What's With Judge Baddour & Sexual Predators?

In Outlier Magazine's November article entitled "Judge Allen Baddour is a Sexual Predator's Get Out of Jail Free Card?" we raised the issue of Baddour's decision to allow sexual predators to have unrestricted access to churches with on-site childcare. We questioned his myopic decision making ability, in that he focused on the sexual predator's right to worship, but did not consider the simple solution of saying they could worship at the overwhelming number of houses of worship without on-site childcare.

Now, we have discovered that he also ruled that because a Chatham County man was convicted of sex offenses before the state adopted a monitoring law, he does not have to wear a satellite tracking monitor.

Judge Baddour's decision was yet another setback for North Carolina's attempts to track sex offenders who have finished their sentences.

Guy Reeves was convicted in January 2006 of taking indecent liberties with a 7-year-old, his third (emphasis added) sex-offense conviction. He left jail in May 2007.

The General Assembly passed laws on sex-offender monitoring in 2006 and added specific procedures for the program last December.

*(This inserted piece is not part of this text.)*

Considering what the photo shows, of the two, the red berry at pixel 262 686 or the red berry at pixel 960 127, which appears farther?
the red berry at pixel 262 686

Assistant Chatham County District Attorney Marci Trageser argued that lawmakers intended the statute to be retroactive as a safety measure for the public and that made tracking part of the original sentence, not additional punishment. "It clearly specifies in the session law that this is also to apply to any person released from prison," Trageser said.

However,Baddour's rejection of that argument made Reeves the 29th convicted sex offender in North Carolina to get a tracking device removed.

What is it with this judge? He has a questionable record of violating people's civil rights (usually persons of color), but he seems to bend over backwards to let sexual predators run free. We are looking into his pre-judicial history and associations to see if there is some personal associations or history with these types of criminals, in hopes we can shed light on his curious rulings.

In the mean time, maybe we should take up a collection to build a half-way house on West Street in Pittsboro so he can be close to his favored constituents.